What the exercise asks:
Write out exactly, with both ends included, the lines that run from the line containing "Gold Coin - 2g" to the end of the entries. Pictures are not part of the answer.

[Caption-style text data]
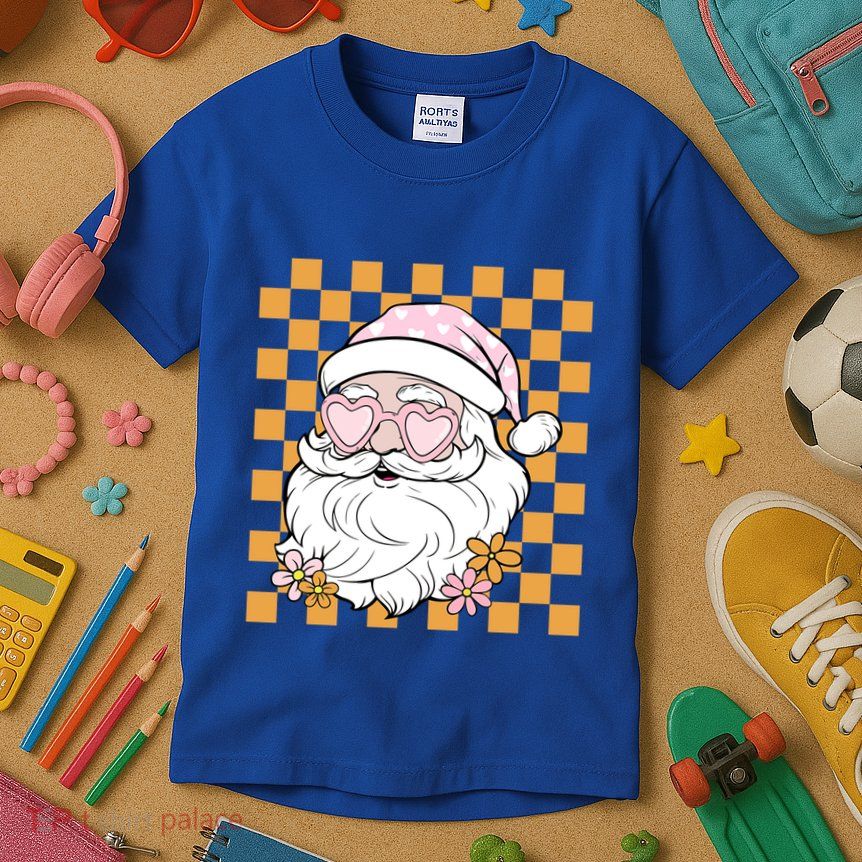 Retro Groovy Christmas Vibes Trendy Smile Face Santa Claus Gift Kids T-Shirt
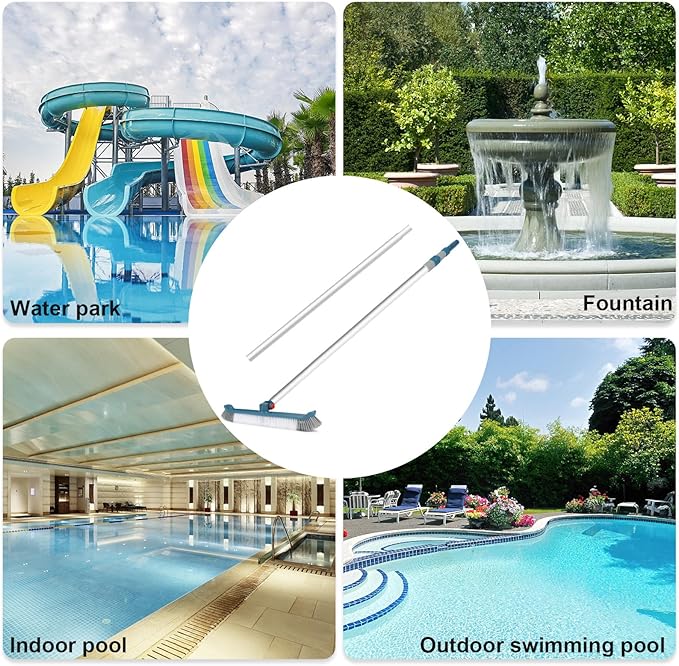 Swimming Pool Brush with Pole, 16ft Aluminum Telescopic Pool Poles and 18inch Polished Nylon Bristles Pool Brushes Head for Cleaning Pool Walls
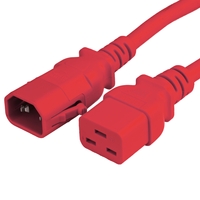 Red 15A P-Lock C14 C19 Power Cords | Colored Data Center Power Cords
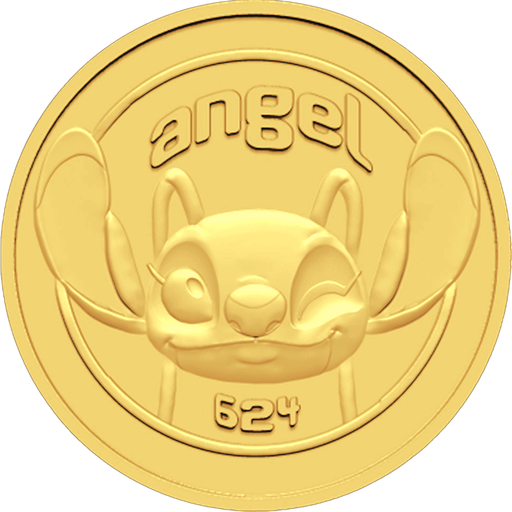  24k " Angel " Yellow Gold Coin - 2g 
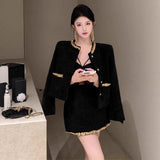 Famous Temperament Small Fragrant Suit Rich Man's Golden Feeling Hepburn Purple Light Luxury High-End Coat Half-Dress Dress A Complete Set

Answer space:
  24k " Angel " Yellow Gold Coin - 2g 
 Famous Temperament Small Fragrant Suit Rich Man's Golden Feeling Hepburn Purple Light Luxury High-End Coat Half-Dress Dress A Complete Set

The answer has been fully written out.